Monday, December 25, 2017

Educing the Religious Faculty: Bringing Forth the Spirit Within

They do not use that great gift of God, the power of the understanding, by which they might see with the eyes of the spirit, hear with spiritual ears and also comprehend with a Divinely enlightened heart.
(Abdu'l-Baha, Paris Talks: 89)

Having presented some thoughts on the spiritual dimension, let us now, in order to gain a better understanding of what I am calling the religious faculty, present some considerations on the state of mind or consciousness that connects with that dimension.  Rudolph Otto in his classic, The Idea of the Holy, calls the mental state of this faculty the “numinous state of mind’ and describes it thus: “This mental state is perfectly sui generis and irreducible to any other; and therefore, like every absolutely primary and elementary datum, while it admits of being discussed, it cannot be strictly defined.” (Rudolph Otto, The Idea of the Holy: 144)
  How is the potential of this faculty brought forth?  It is through the teaching of spiritual principle.  How does one get into this mental state?  In a sense, every soul is already within it, or, better, it is already within every soul, but it must be aroused and brought forth. 

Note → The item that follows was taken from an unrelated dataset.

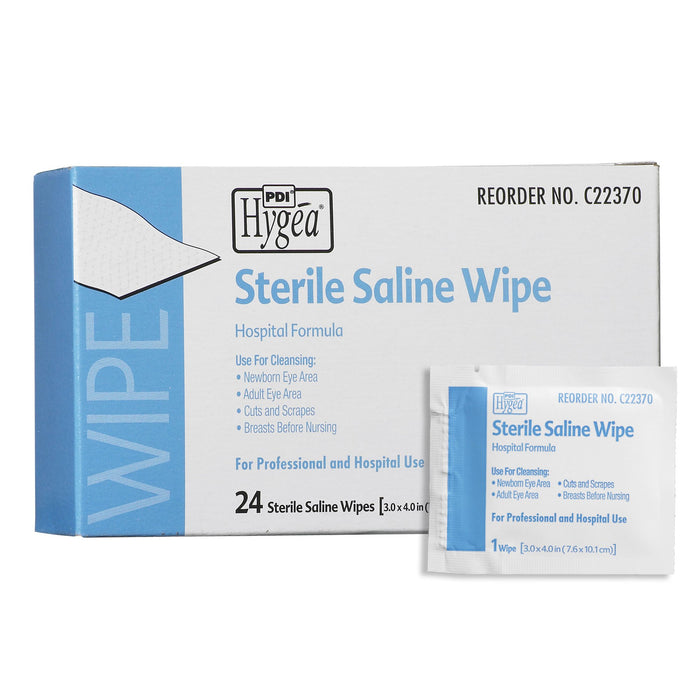 Incontinence>Perineal Cleansing & Care>Personal Wipes - McKesson - Wasatch Medical Supply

First, we must make a distinction between the spirit and the form of religion.  Rudolph Otto wrote: “What is incapable of being handed down is this numinous basis and background to religion, which can only be induced, excited, and aroused.” (Rudolph Otto, The Idea of the Holy: 60)  The numinous background to religion, as Otto calls it, which is the same as what we can call the spirit as opposed to the form of religion, cannot be taught because: “The numinous is thus felt as objective and outside the self.” (Otto, The Idea of the Holy: 11)  Only what is felt to be inside or immanent to the self, i.e. a faculty that can be aroused and give response, can be taught and its potentials brought forth.  This objectivity of the numinous, i.e. the sacred, the divine, is why we must make a distinction between the numinous spirit of religion and the rational form of religion.  The first cannot be taught, the second can, because of the rational faculty.  But teaching the second can arouse the first, because proper form attracts spirit. 

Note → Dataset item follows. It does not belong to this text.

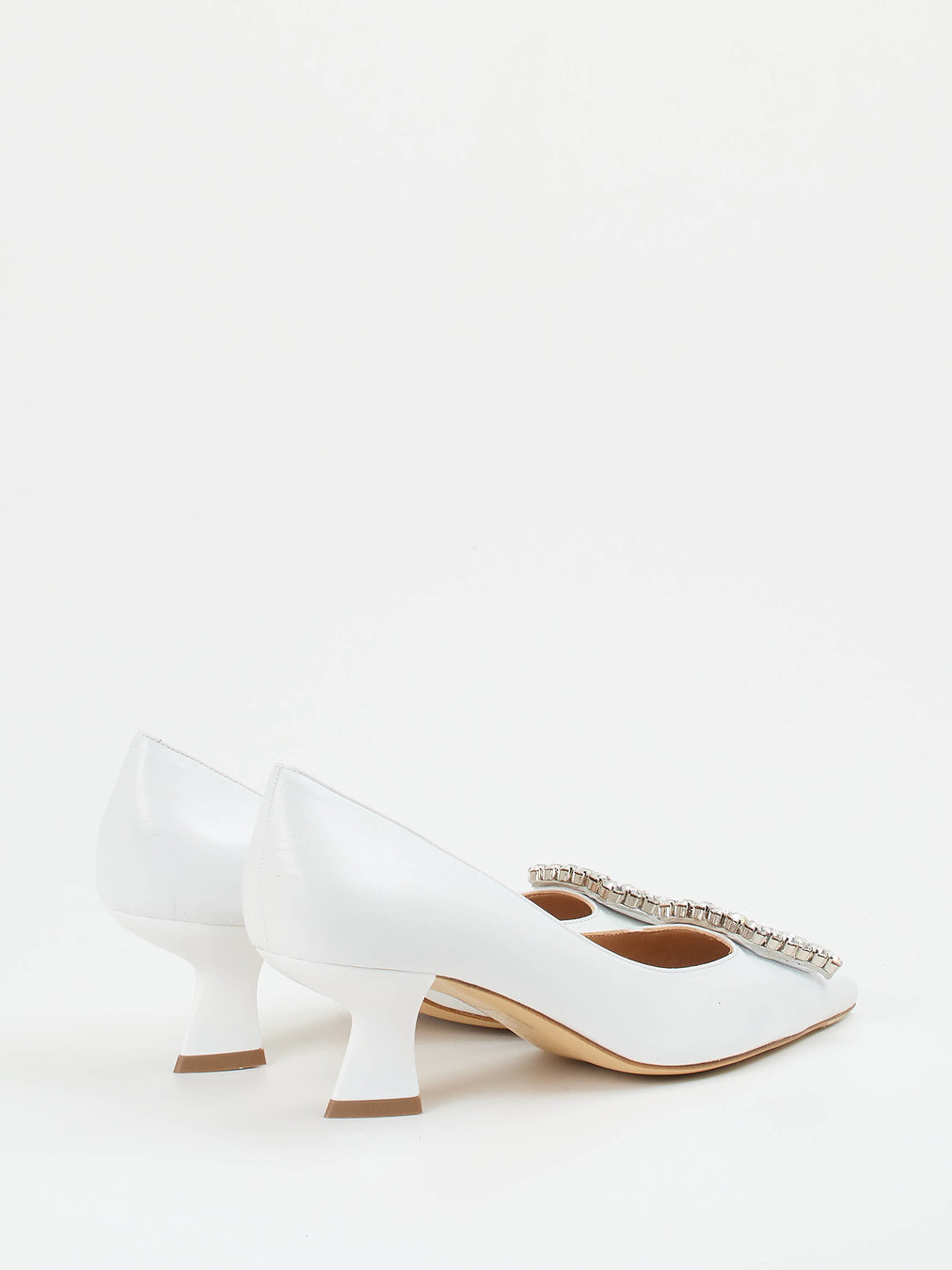 Pumps weiß 1416799001603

Otto writes: “There is one way to help another to an understanding of it.  He must be guided and led on by consideration and discussion of that matter through the ways of his own mind, until he reach the point at which ‘the numinous’ in him perforce begins to stir, to start into life and into consciousness.  We can co-operate in this process by bringing before his notice all that can be found in other regions of the mind, already known and familiar, to resemble, or again to afford some special contrast to, the particular experience we wish to elucidate.  Then we must add: ‘This X of ours is not precisely this experience, but akin to this one and the opposite of that other.  Cannot you realize for yourself what it is?’  In other words our X cannot, strictly speaking, be taught, it can only be evoked, awakened in the mind; as everything that comes ‘of the spirit’ must be awakened.” (The Idea of the Holy: 7)   But lest we think this requires some mighty effort to arouse, Otto tells us: “But the mere word, even when it comes as a living voice, is powerless without the ‘spirit in the heart’ of the hearer to move him to apprehension.  And this spirit, this inborn capacity to receive and understand, is the essential thing.  If that is there, very often only a very small incitement, a very remote stimulus, is needed to arouse the numinous consciousness.” (Otto, The Idea of the Holy: 61
As Otto’s discussion points out, the numinous is “there” to be experienced in some sense, but there is also “the numinous in him.”  We don’t get into a numinous state in any absolute sense.  It is not something manufactured from nothing.  Rather, the aspects and attributes of an objective Divinity awaken the divine that is already within us, giving us the feeling of a numinous presence.  It is the awakening that occurs when the heart and mind achieve coherence.  The intellect’s relationship here is not with anything physically or intellectually external “out there” as in space or in some other part of the mind.  Rather, “out there” is really “up there” both as a dimension beyond the human and as a state of being latent within the human reality.  But “up there” is actually “in there” as the deepest part of humanity, i.e. the sacred heart.  In a telling insight, Otto observes that “the numinous informs the rational from above”: (The Idea of the Holy: 46) where “above” refers to that dimension of the divine that the Bahá’í statement called the spiritual dimension “the source of qualities that transcend narrow self-interest.”  In essence, then, the rational faculty perceives the sacred Spirit and humbly opens itself to be informed.  Perhaps it is from the same perspective that the philosopher, Heidegger, wrote:  “A person is neither a thing nor a process, but an opening or clearing through which the Absolute can manifest.” 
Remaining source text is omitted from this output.